[Task material]
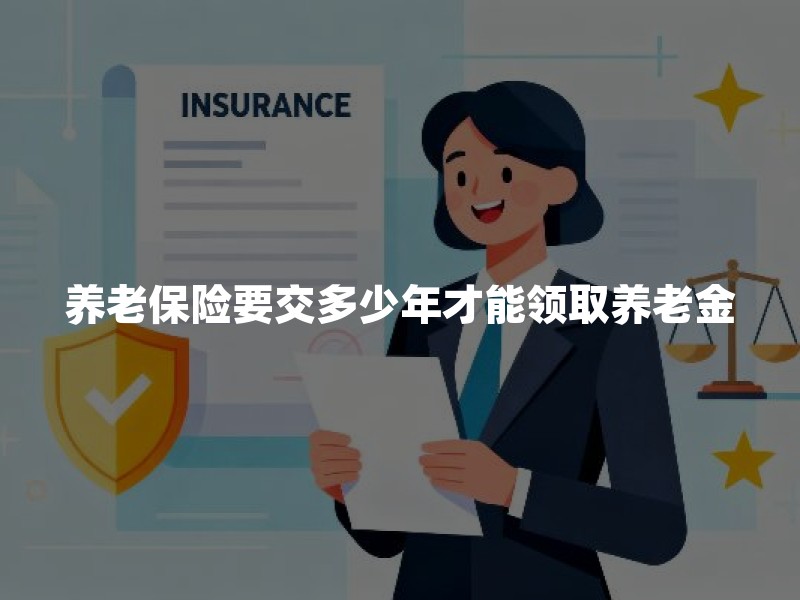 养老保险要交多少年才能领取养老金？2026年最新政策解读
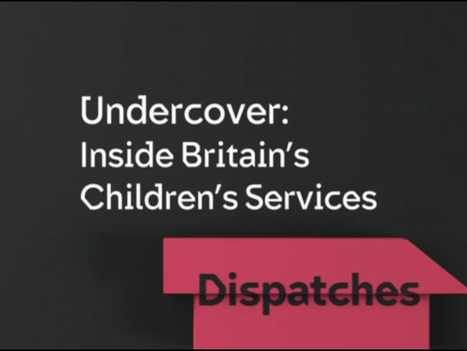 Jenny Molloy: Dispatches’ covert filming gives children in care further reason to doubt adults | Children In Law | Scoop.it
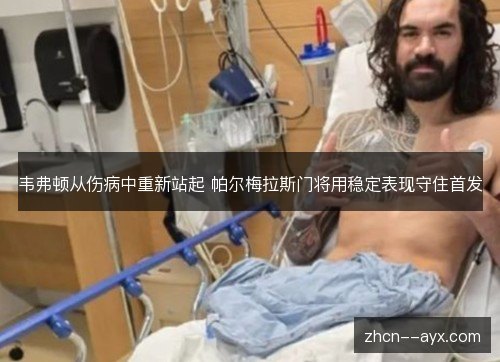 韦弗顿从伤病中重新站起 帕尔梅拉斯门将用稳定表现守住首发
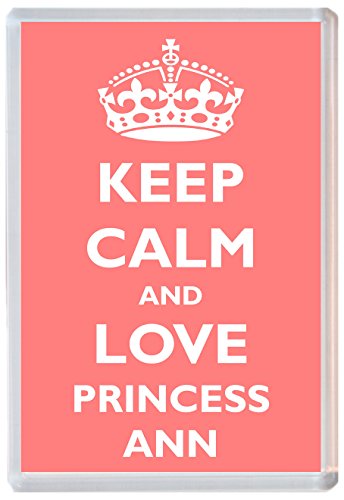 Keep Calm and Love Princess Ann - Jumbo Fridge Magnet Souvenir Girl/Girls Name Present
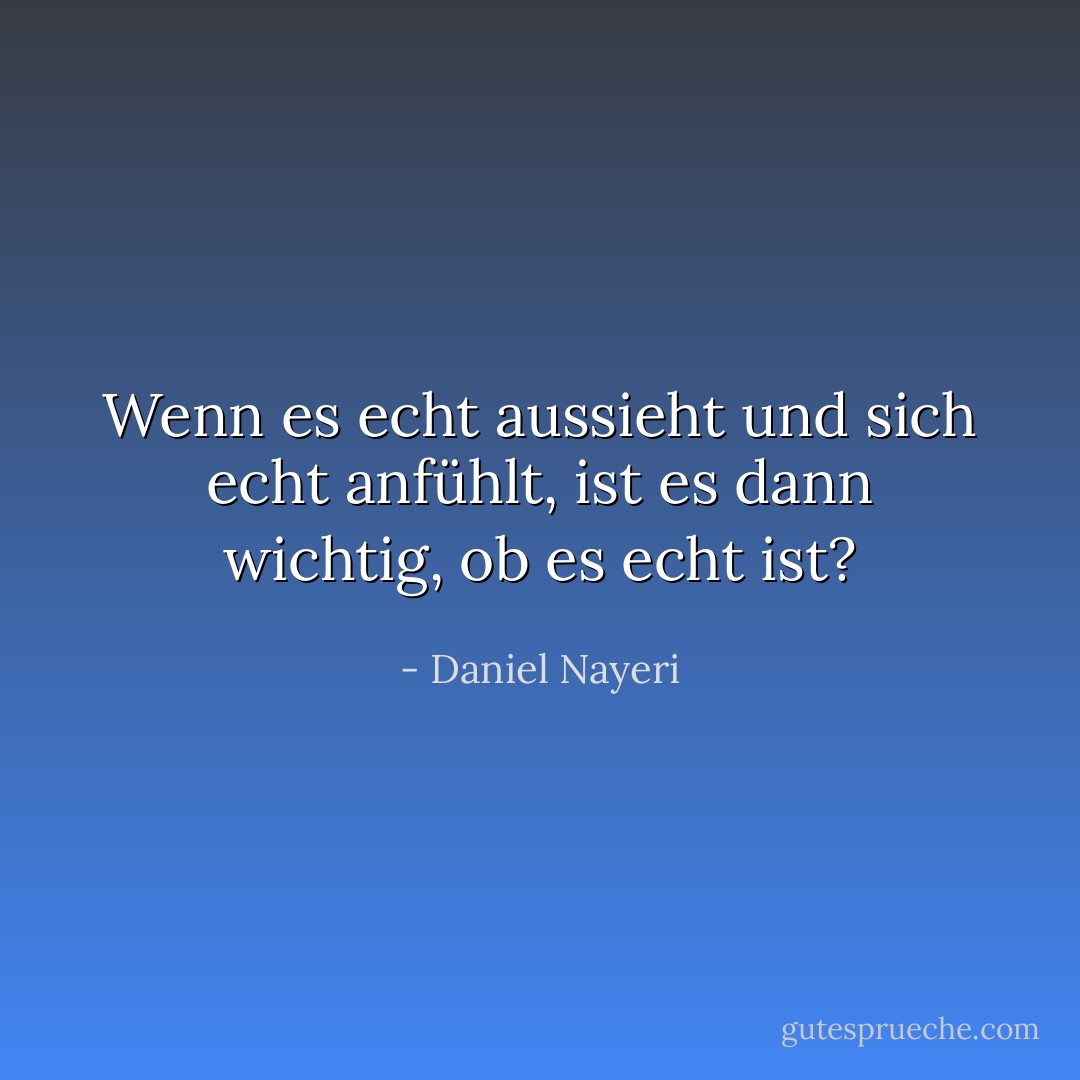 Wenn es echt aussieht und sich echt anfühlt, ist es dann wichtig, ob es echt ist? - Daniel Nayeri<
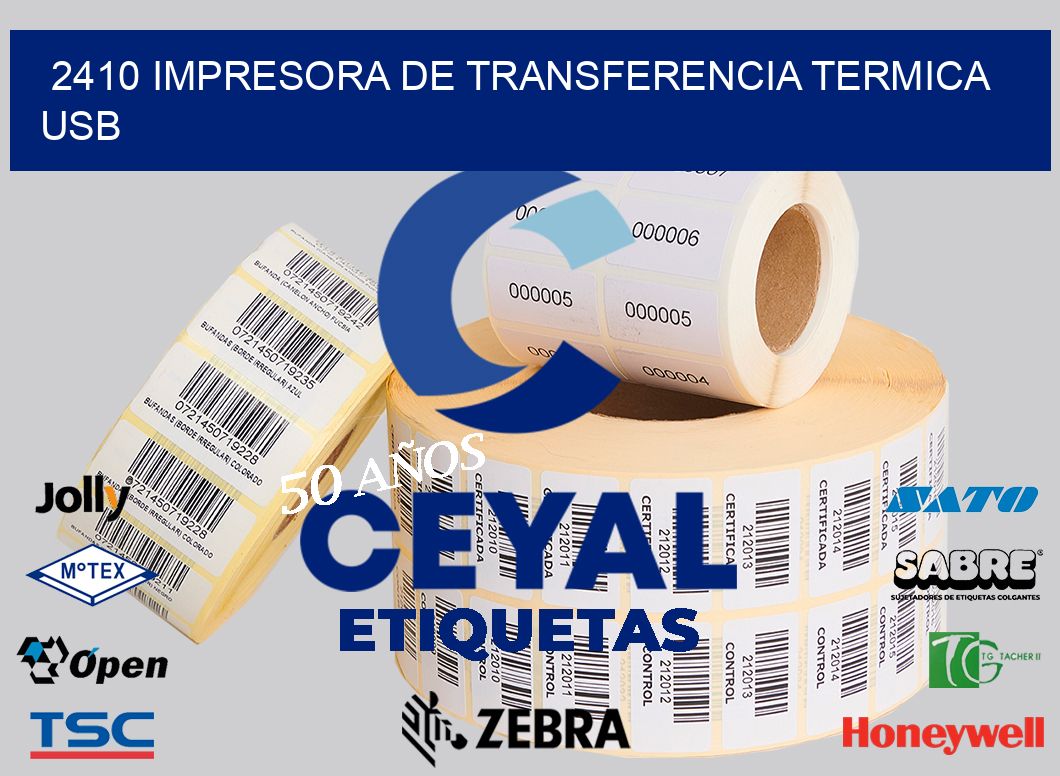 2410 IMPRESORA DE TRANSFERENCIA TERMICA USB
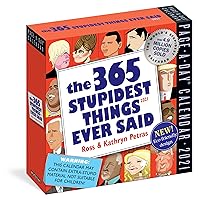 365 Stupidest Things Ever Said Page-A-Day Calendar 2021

[Problem to work on]
From the first line to the last, write out the data exactly, omitting any pictures.

[Answer section]
 养老保险要交多少年才能领取养老金？2026年最新政策解读
 Jenny Molloy: Dispatches’ covert filming gives children in care further reason to doubt adults | Children In Law | Scoop.it
 韦弗顿从伤病中重新站起 帕尔梅拉斯门将用稳定表现守住首发
 Keep Calm and Love Princess Ann - Jumbo Fridge Magnet Souvenir Girl/Girls Name Present
 Wenn es echt aussieht und sich echt anfühlt, ist es dann wichtig, ob es echt ist? - Daniel Nayeri<
 2410 IMPRESORA DE TRANSFERENCIA TERMICA USB
 365 Stupidest Things Ever Said Page-A-Day Calendar 2021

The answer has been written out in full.